本当に載っているのはこの図だけ…何ポンドでテストしたのか、だれがテストしたのか、長さはそろえたのか、重さを、それとも、みんなトップウェイト1つだと、ウェイトの数をそろえたのか…何一つ根拠が乗っていません。さらに次号で訂正のデータが出るのですが、重さ157gでテストしたイーストンのロッドの軽さが二重丸で、105gでテストしたエンゼルのロッドの重さを丸、150gのヤマハのロッドは三角印…いったい何を基準に評価したのか、軽さ…重さという意味以外にどういう評価基準があるのかわかりませんが…謎すぎます。
これは完全にクレームをつけたメーカーの問題ではなく、記事を書いた人間の問題です。
このグラフ以外の記事は「理想のスタビライザー」についてです。例えば、その結論が「振動吸収」だったとすると、次のステップは、何を持って振動とするかです。以前に書いた比較記事では、センサーはグリップに付けました。結論は振動が30%減ったというものですが、つまり、グリップ(=体に伝わる振動)と定義して計測しています。発射音の一つの発生源はリムポケットです。おそらくですが、ここにセンサーをつければ、振動は30%減っているか疑問です。
振動吸収を比較するのであれば、まずは何を持って振動とするかを定義しなければなりません。
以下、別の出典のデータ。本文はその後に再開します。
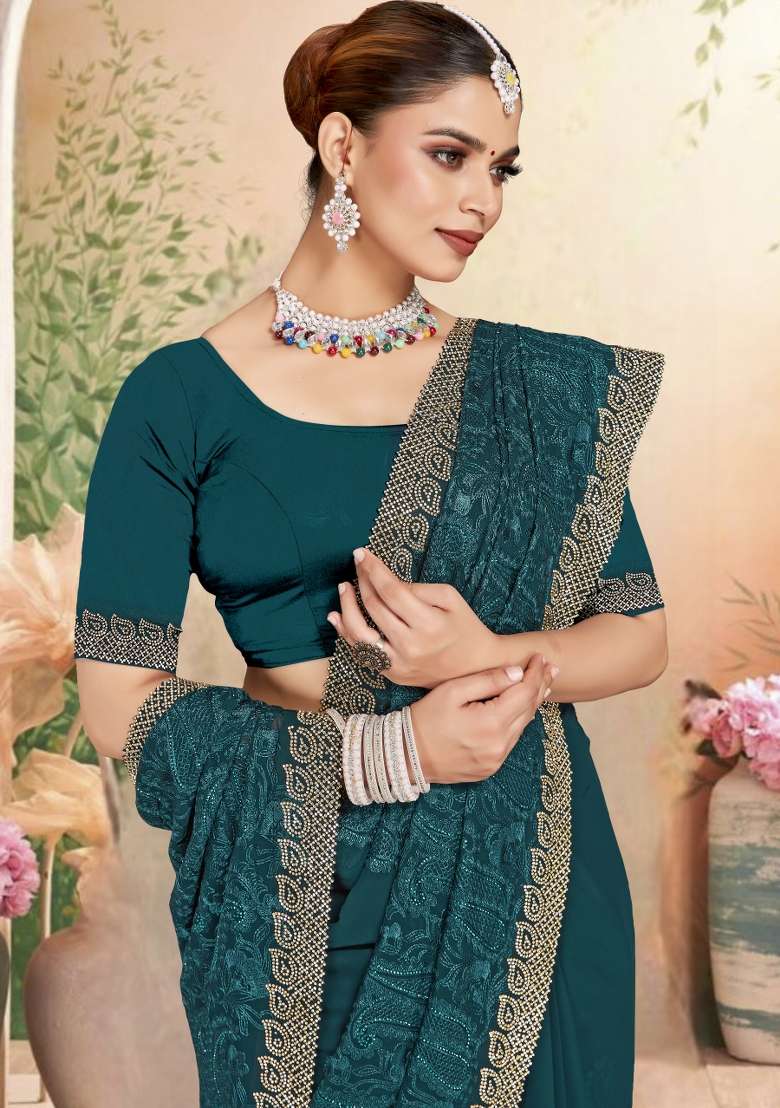 Blue Embroidered Georgette Saree Set - Indya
その次は、どのように測定したかを記録します。第三者機関に依頼した場合は、必要ないかもしれませんが、自分でやるなら、他人が追試できるようにする責任があります。
そうしてようやく、点数付して、上のような表を作るものです。
しかし、この記事では、スタビライザーの理想形をたかった後は、用語の定義(何を持って振動吸収とするか)と試験のやり方(どのようにすれば記事が正しいと確認できるか)を全部すっ飛ばして、自分の結果だけを載せています。
(1995年5月号)
冒頭、謝罪から始まります。
「前回、掲載した「各社カーボンセンターロッド比較表」にいくつかの誤りがあった。硬さ、軽さ、振動吸収、経済性の4項目に分け、それぞれに「◎」「○」「△」の3段階評価をしたが、その評価基準があいまいで、中には事実と完全に異なる評価もいくつかあった。」
(雑誌アーチェリー 1995年5月号)
その後謝罪だけではなく、けじめとして、長野県工業試験場にテストを依頼…しかし、ここがまた素人でダメなのだが…高価な機械を使ってスタビライザーのテストをします。また、日本バイメタルさんは辞退したので、テストしないとのこと(商品提供を受けているから?)。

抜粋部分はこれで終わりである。